D'autres journées comme celle-ci sont organisées dans le département, notamment à Nîmes ce jeudi 6 octobre, à Uzès le samedi 8 ou encore à Bagnols-sur-Cèze le jeudi 13. Plus largement, le conseil départemental fédère un réseau d'aidants, de professionnels, d'associations et d'élus dans les territoires pour répondre aux besoins de "ces invisibles" et mieux les soutenir et les accompagner. C'est capital lorsque l'on rappelle ce terrible chiffre : "30% des proches aidants meurent avant leur proche aidé", indique Dalia Coseraru, animatrice du réseau d'aidants en Uzège et Gard rhodanien.
C'est pourquoi, elle et l'Association des aidants d'Occitanie (ADAO) travaillent sur la prévention, le repérage des personnes, qui ont souvent du mal à s'identifier comme aidants. "On est parfois confronté à des situations d'urgence où les aidants sont à bout. Pour trouver des solutions, c'est compliqué. On met à disposition tout un panel d'informations qui peuvent amener du soulagement avant", explique Corinne Costa, présidente d'ADAO.
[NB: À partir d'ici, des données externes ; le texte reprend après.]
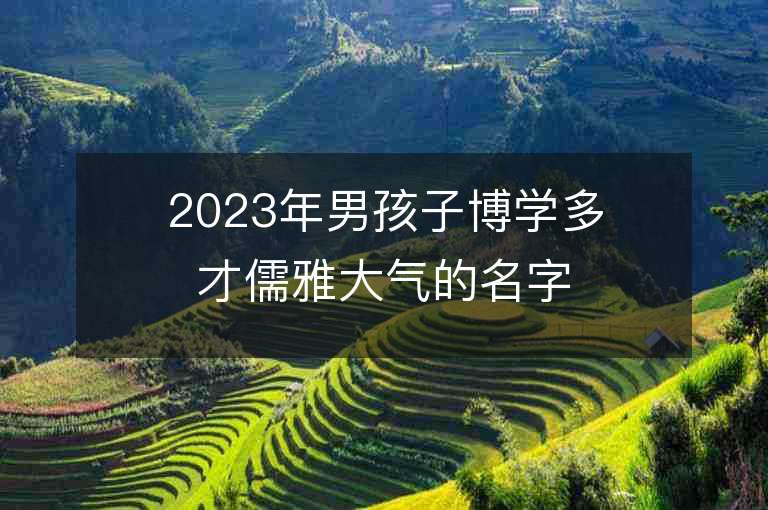 2023年男孩子博學(xué)多才儒雅大氣的名字推薦，男孩子博學(xué)多才儒雅大氣的名字2023起名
D'ailleurs, le thème de la fête des aidants cette année, c'est "prendre soin de soi pour prendre soin de l'autre". Encore faut-il parvenir à débarrasser les aidants du sentiment de culpabilité qu'ils peuvent ressentir en prenant du temps pour eux. Mais c'est essentiel pour leur santé et leur équilibre même si ce temps n'est pas toujours facile à trouver. ADAO propose de nombreux ateliers (même en présence aussi des aidés pour faciliter la venue des aidants). Le SIDSCAVAR a aussi créé l'Escale des aidants à Rochefort et propose aussi régulièrement des activités. De nombreux territoires lancent des actions pour mieux orienter, accompagner et divertir les aidants. Une volonté bienvenue car chacun peut le devenir un jour.